The ushering in of the Biden administration and its averred determination to prioritize China, climate change and domestic issues, has prompted a reassessment by regional powers. Resuming dialogue and cultivating economic ties benefits both financially beleaguered Turkey and the cash-rich UAE. “It is indeed a good idea for Abu Dhabi to invest in Turkey right now because it is cheap and having economic leverage will help Abu Dhabi increase its sway over Turkey in the future,” Harchaoui contended.

Erdogan insisted trade was the main focus of talks with UAE national security adviser Sheikh Tahnoun bin Zayed al-Nahyan on Aug. 18, saying “serious Emirati investments” lay on the horizon. “The UAE, I believe, will start serious investments in our country very soon,” Erdogan said, adding he could soon be meeting with the crown prince.
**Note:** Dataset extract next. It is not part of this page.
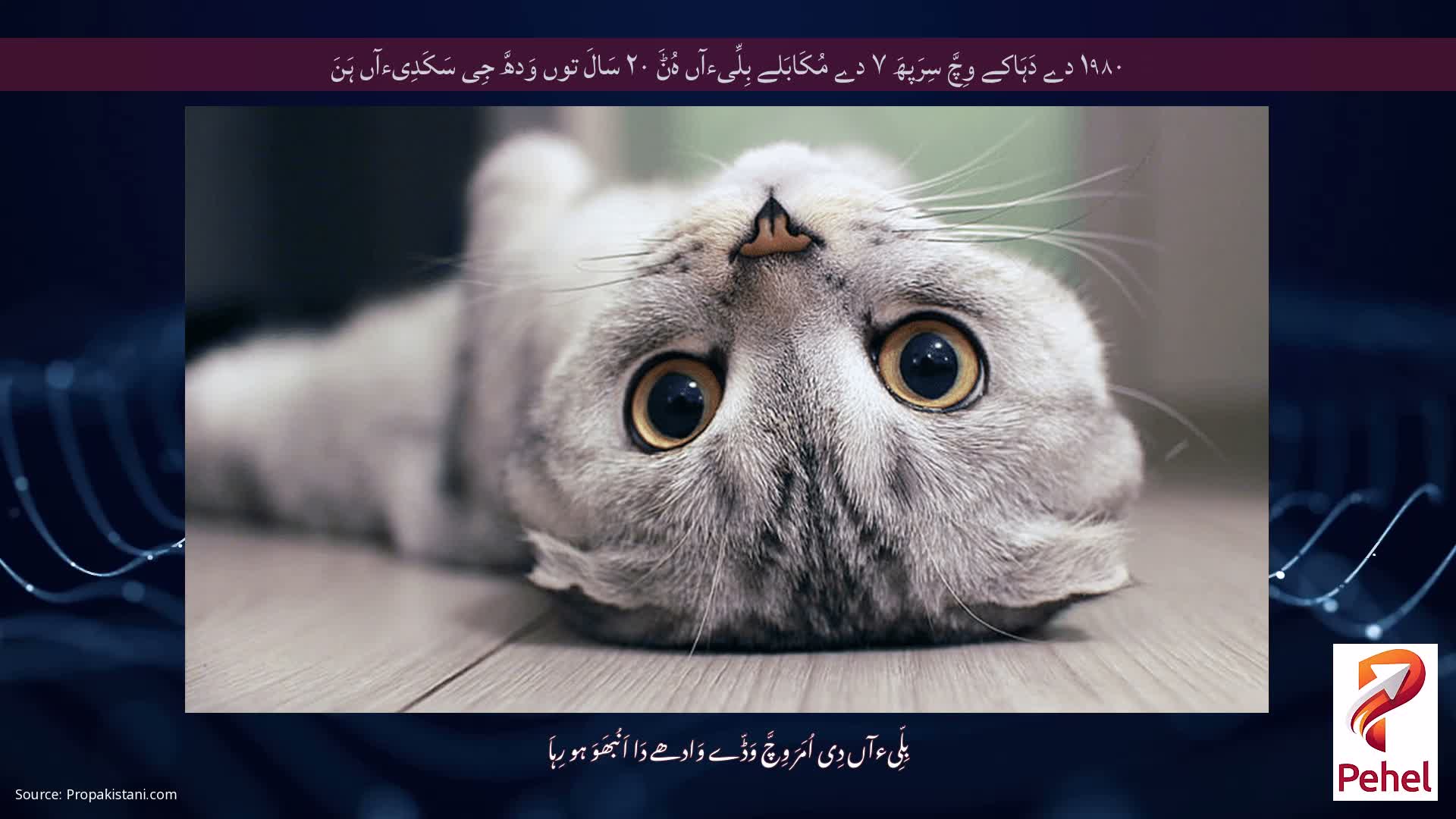 ۱۹۸۰ دے دَہَاکے وِچَّ سِرَپھَ ۷ دے مُکَابَلے بِلِّیءآں ہُݨَ ۲۰ سَالَ توں وَدھَّ جِی سَکَدِیءآں ہَنَ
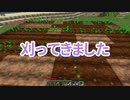 自称実質初見(初見ではない) #3 [ゆっくりMinecraft実況]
Monday’s phone call is a step in that direction.

The Turkish media and the millions of Turks transfixed by bombshell charges, however, are far more seized by what all of this spells for Peker. In a pinned tweet, the convicted mobster insisted he has residency in the UAE and “under international law, no country can render me from the country I am in.” Past behavior suggests that when they deem fit neither Turkey nor the UAE cares all that much about international law.